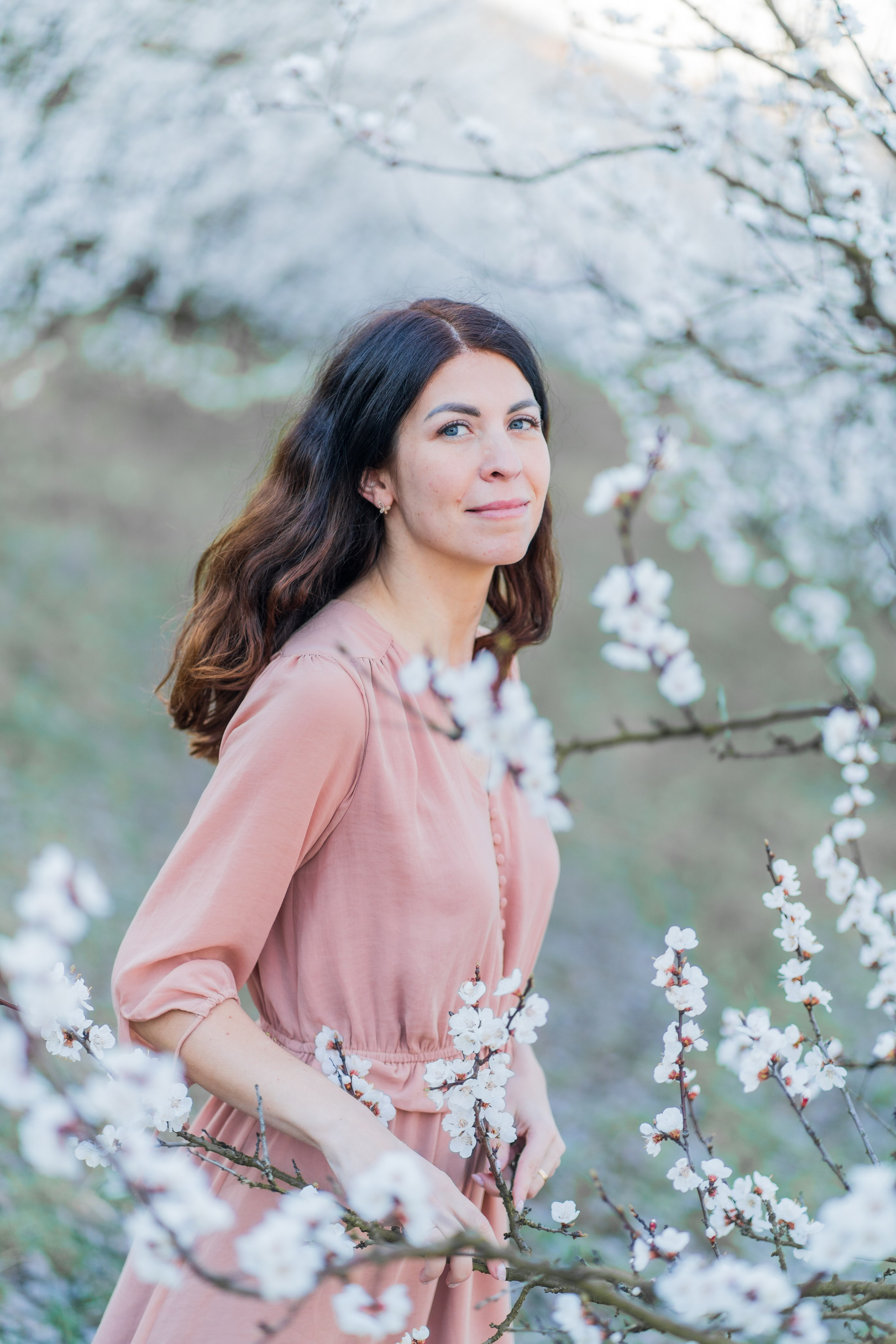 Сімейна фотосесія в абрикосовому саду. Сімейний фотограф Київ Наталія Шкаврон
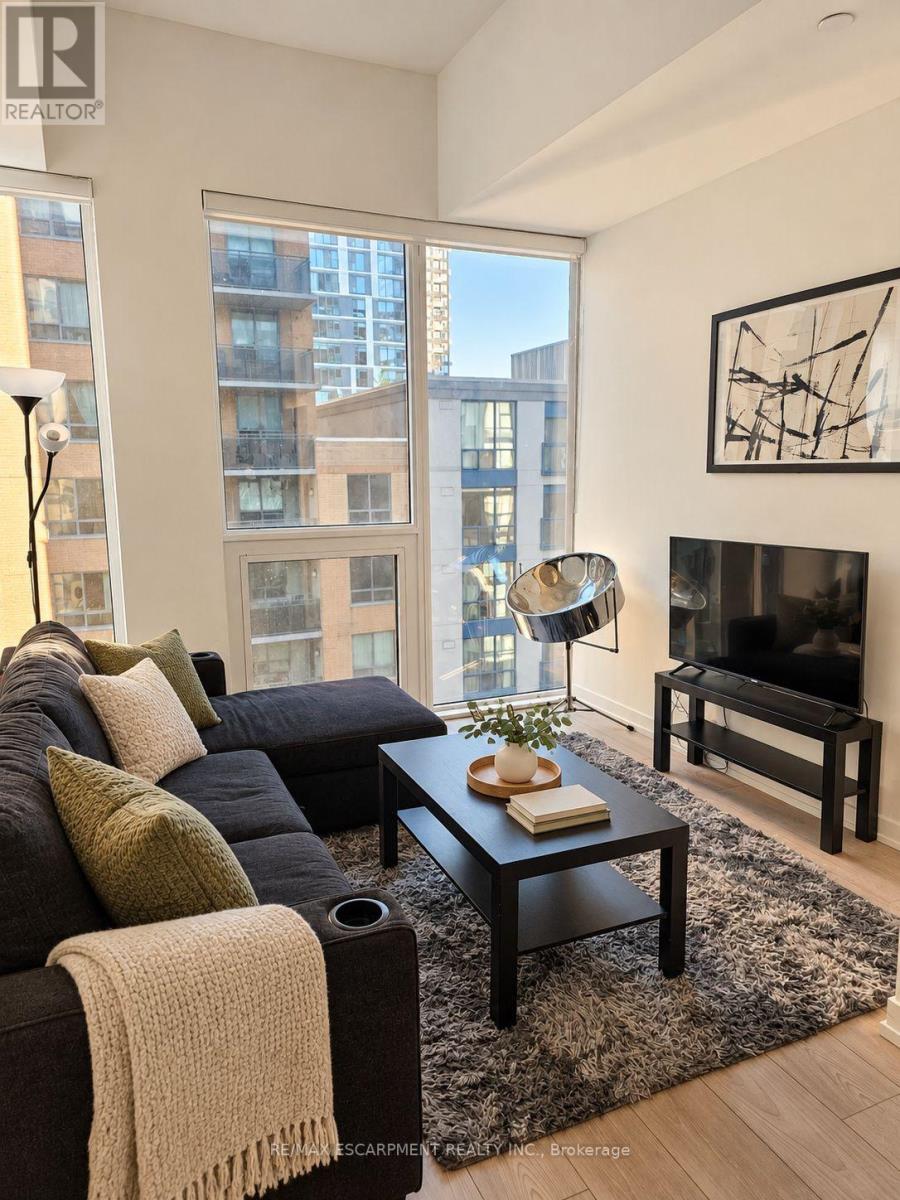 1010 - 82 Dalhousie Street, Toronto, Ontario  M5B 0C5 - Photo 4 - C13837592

|---|

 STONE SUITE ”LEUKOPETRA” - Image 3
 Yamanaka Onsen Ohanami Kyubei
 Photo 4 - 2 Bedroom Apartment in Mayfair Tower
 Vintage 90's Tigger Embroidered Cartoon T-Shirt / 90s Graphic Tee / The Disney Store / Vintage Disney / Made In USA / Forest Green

|---|

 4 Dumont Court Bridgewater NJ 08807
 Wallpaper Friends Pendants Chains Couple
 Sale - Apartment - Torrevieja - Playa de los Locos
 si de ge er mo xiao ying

|---|

What you have to do:
Only one stretch of the data above is needed. Restate it word for word, from the line containing "Yamanaka Onsen Ohanami Kyubei" through the line containing "Vintage 90's Tigger", both ends included.

Solution below:
 Yamanaka Onsen Ohanami Kyubei
 Photo 4 - 2 Bedroom Apartment in Mayfair Tower
 Vintage 90's Tigger Embroidered Cartoon T-Shirt / 90s Graphic Tee / The Disney Store / Vintage Disney / Made In USA / Forest Green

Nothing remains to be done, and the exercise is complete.